富士通研究所は2月4日、北海道大学と共同で、AIが自動判断した結果を基に、望む結果を得るために必要な手順を自動で提示できる技術を開発したと発表した。
社会の重要な判断や提案をAIが担うためには、AIシステムの透明性と信頼性の担保が課題となってきており、データに基づいて判断するだけでなく、個々の判断理由を提示する「説明可能なAI」と呼ばれるAI技術の研究が盛んになっているという。
例えば、健康診断などにおいて、体重や筋肉量などのデータを基に病気になるリスクの高低を、AIによって判断することが可能になっているが、リスクの高低に関する判断結果に加えて判断の根拠となった属性を提示する説明可能なAIが注目されている。
AIによる自動判断において、望む結果を得るためには、変更が必要な属性を提示するだけでなく、その変更が現実的かつできるだけ小さい労力で変更できる属性を提示することが必要になる。

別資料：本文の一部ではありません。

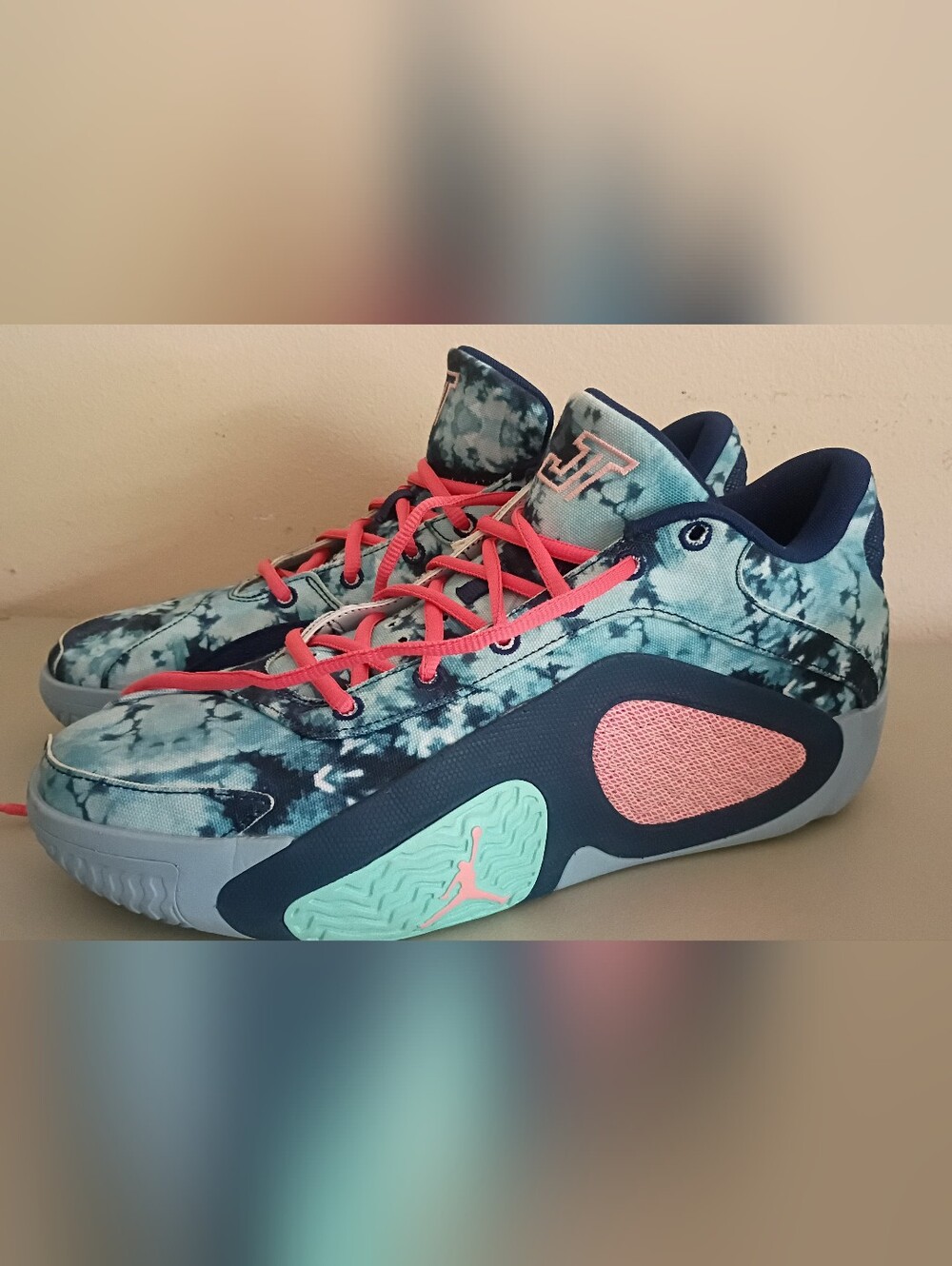 Jordan Tie-Dye Blue Teal Sneakers with Pink Laces - Picture 2 of 5
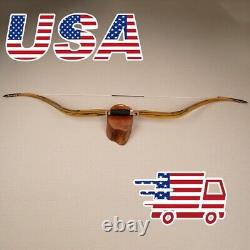 60'' Ming Bow Sicai Black&White Ebony Recurve Bow Horse Bow Practice Hunting Bow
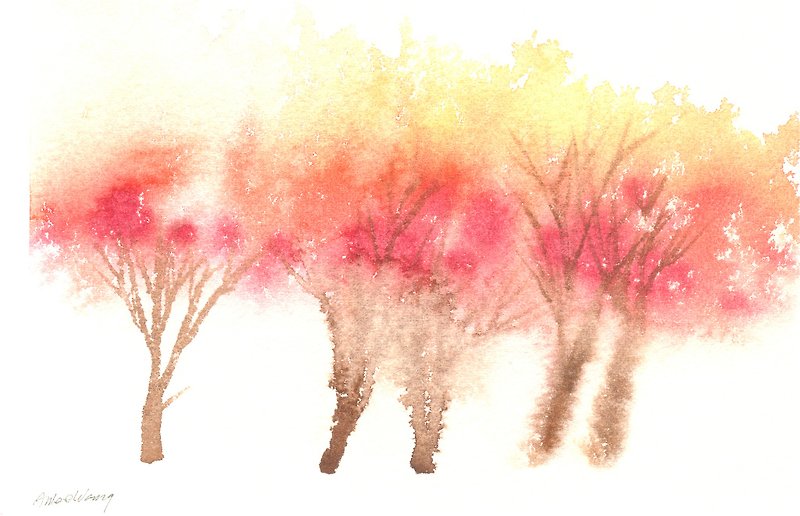 「療癒系樹林系列1-64」水彩手繪限量版明信片/賀卡 - 心意卡/卡片 - 紙 橘色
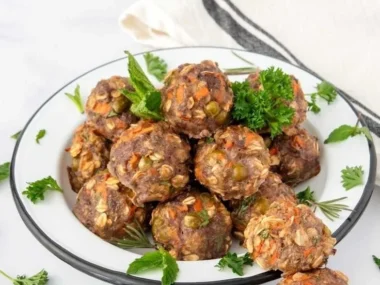 Homemade bison meatballs for dogs, a healthy dog treat alternative.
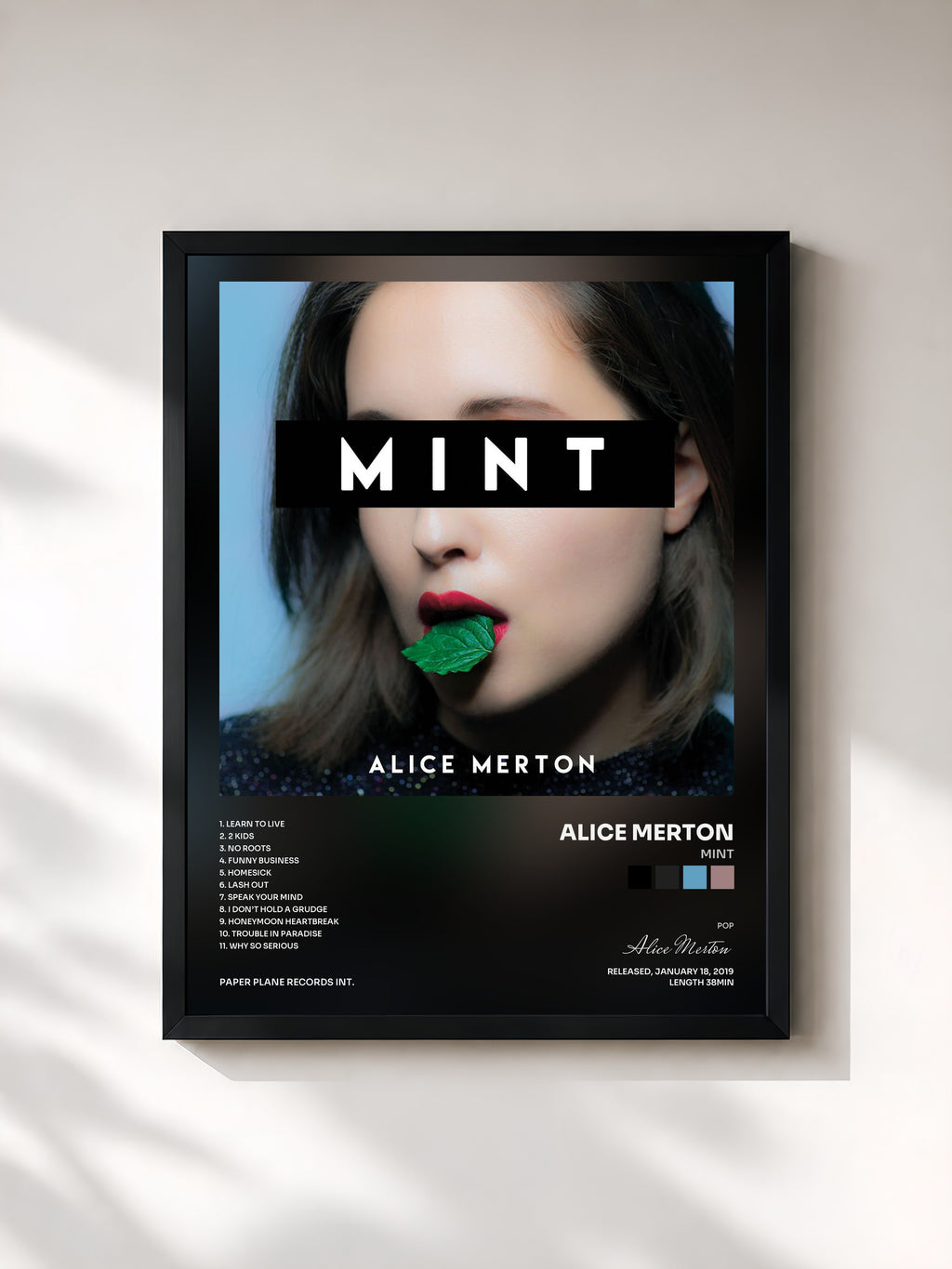 #noir Tableau de l'album MINT de Alice Merton, cadre noir, imprimé et encadré en France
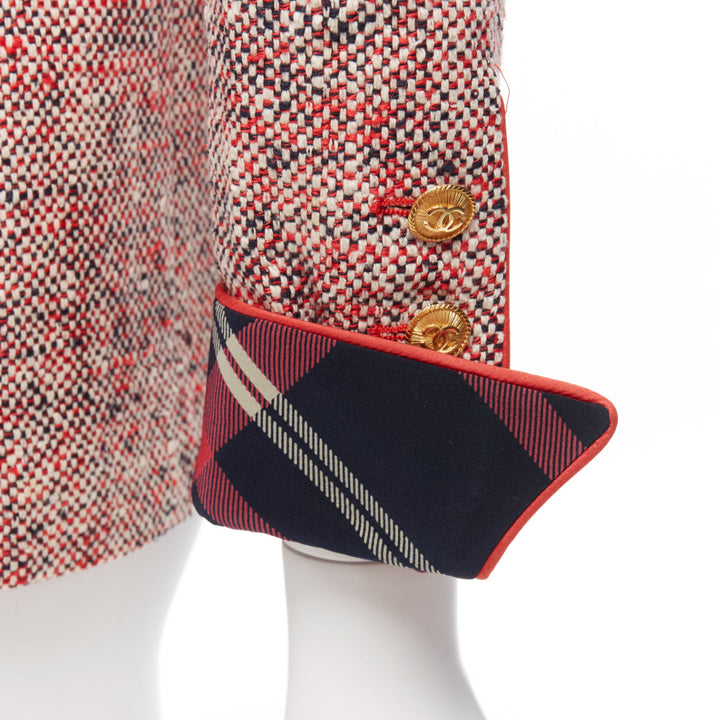 CHANEL Vintage red boucle tweed gold button double breast blazer jacket FR34 XS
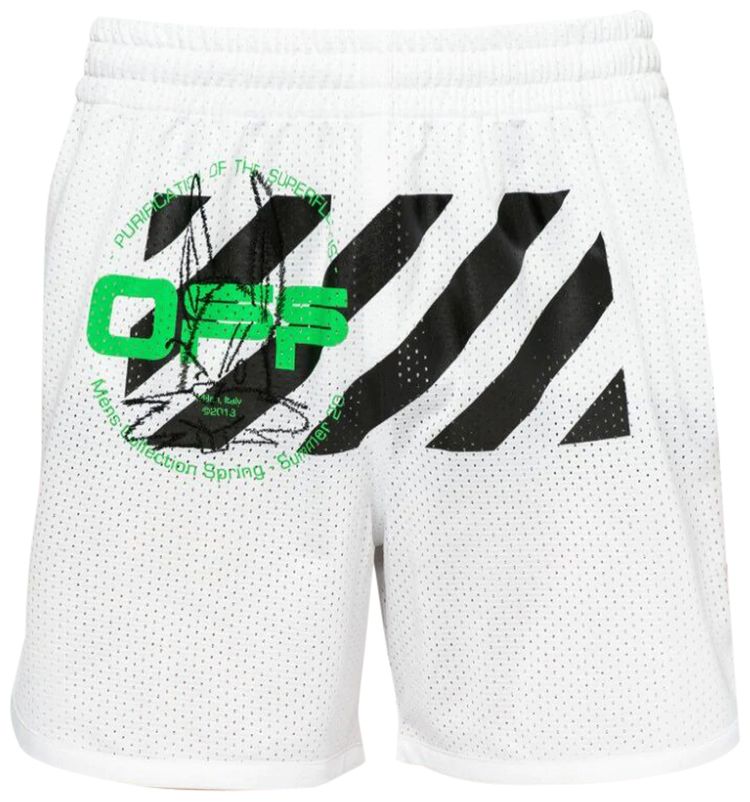 Off White Harry The Bunny Mesh Shorts WhiteBrilliant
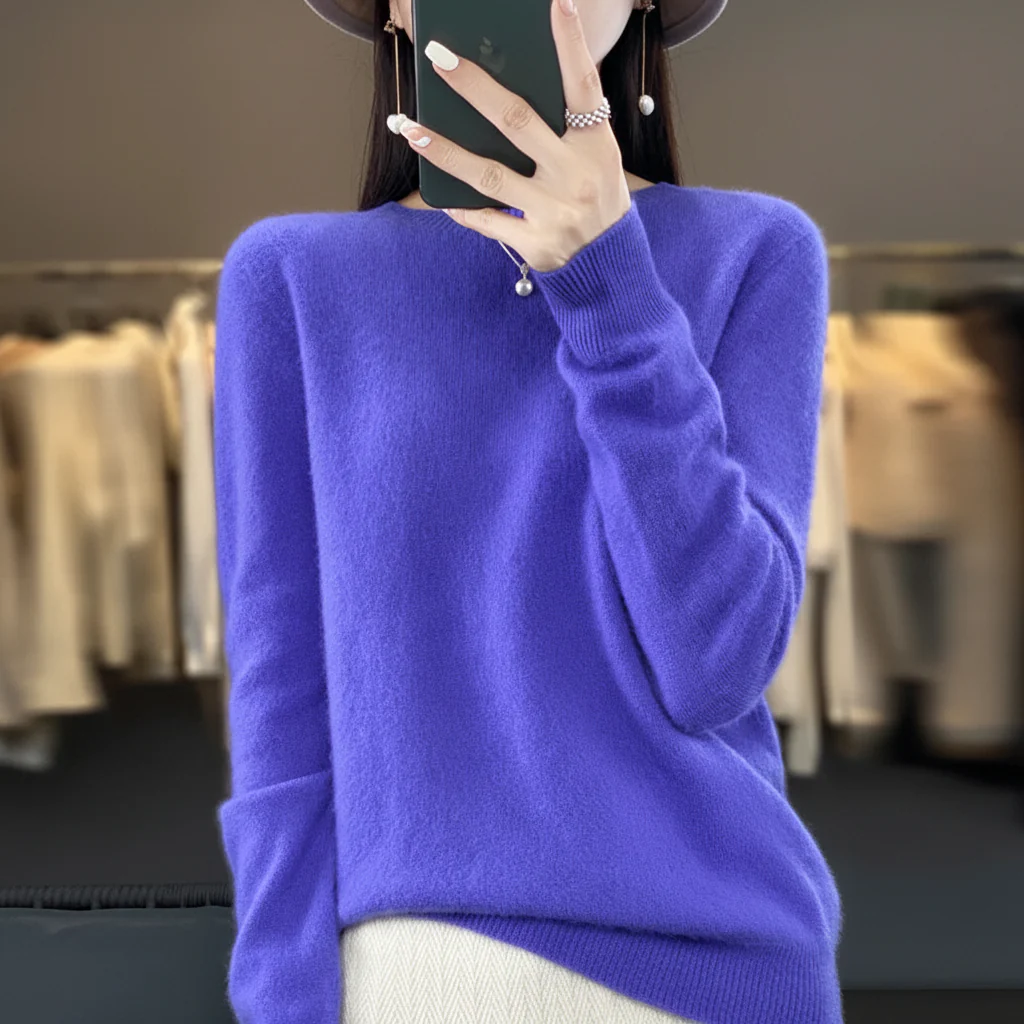Womens Sweater Cashmere Crewneck Warm Pullover - Image 14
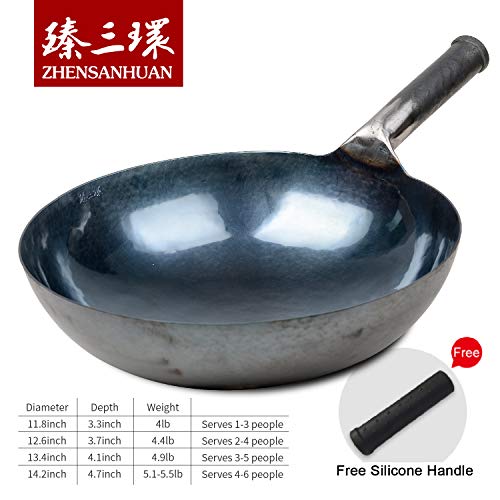 ZhenSanHuan HandHammered Carbon Steel Stir Fry Wok NoCoating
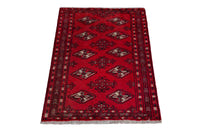 Persian Torkaman accent rug in deep red and black, view 4 of 9
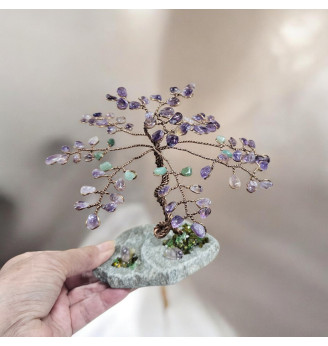 Arbre de vie Améthyste et Aventurine sur galet naturel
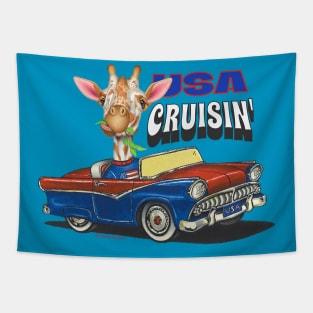 Humorous and Cute Giraffe driving in a cute classic car in the USA Tapestry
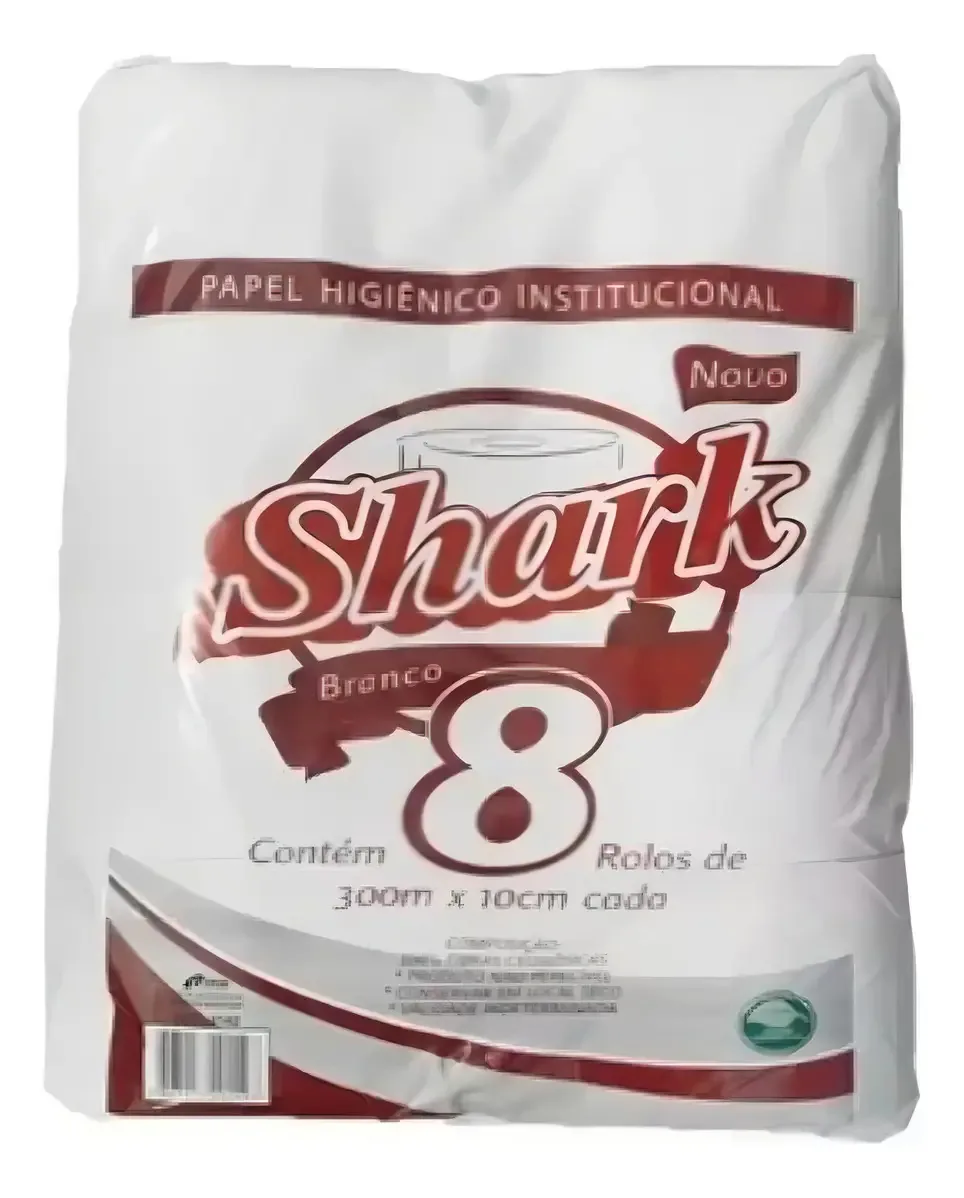 Papel Hig.300m Shark Brc Comum Fd/8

健康診断の例では、AIによる判断結果をリスク高の現状からリスク低に変えたい場合、筋肉量を増やせば少ない労力で変更ができそうだが、体重を変えずに筋肉量だけを増やすことは非現実的であるため、実際には体重と筋肉量を増やすことが現実的な解といえる。また、体重や筋肉量などの属性の間には、筋肉を増やすと体重も重くなるというような因果関係などの相互作用も多く、変更にかかる総労力は、各属性の変更順序に依存するため、属性の適切な変更順序を提示する必要がある。
現状から変更2に到達するために、体重と筋肉量のどちらを先に変えればよいかは自明ではないため、膨大な変更点の候補の中から実現の可能性や順序を考慮した上で、適切な変更の方法を見つけることが課題となっている。
今回開発した新技術は、反実仮想説明という考えに基づき、属性変更におけるアクションとその実施順序を手順として提示する。過去の事例の分析を通して非現実的な変更を避けつつ、属性値の変更がほかの属性値に与える因果関係などの影響をAIが推定し、それに基づいて実際に利用者が変更しなければならない量を計算することで、適切な順序、かつ一番少ない労力で最適な結果が得られるアクションの提示を可能とする。
例えば、健康診断で望む結果にするために変更する入力属性とその順序において、リスクを低くするためには、筋肉量をプラス1kg、体重をプラス7kg変更しなければならない場合に、筋肉量と体重の間の相互作用を事前に分析することにより、筋肉量を1kgプラスすれば体重は6kgプラスされるというような関係が因果関係の分析により推定できる。その場合、体重の変化量として必要なプラス7kgのうち、筋肉量の変更の後に必要となる変化量はプラス1kgとなる。つまり、実際に変化させなければならない変更量は、筋肉量プラス1kgと体重プラス1kgなので、先に体重を変化させるよりも少ない労力で望む結果を得られるという。
同研究チームが反実仮想説明AI技術を用いて、糖尿病、ローンの与信審査、ワインの評価の3種類のデータセットにて検証した結果、今回の開発技術が、すべてのデータセットおよび機械学習アルゴリズムの組み合わせにおいて、少ない労力で推定結果を望む結果に変更するための適切なアクションと実施順序を取得した。特にローンの与信審査のケースでは、半分以下の労力だったとしている。
今後、本技術と個別の因果関係を発見する技術と組み合わせることで、より適切なアクションを提示できるよう継続して取り組むという。また、独自開発した「FUJITSU AI Technology Wide Learning」によるアクション抽出技術を本技術により拡張し、富士通のAI技術「FUJITSU Human Centric AI Zinrai」を支える新たな機械学習技術として2021年度の実用化を目指す。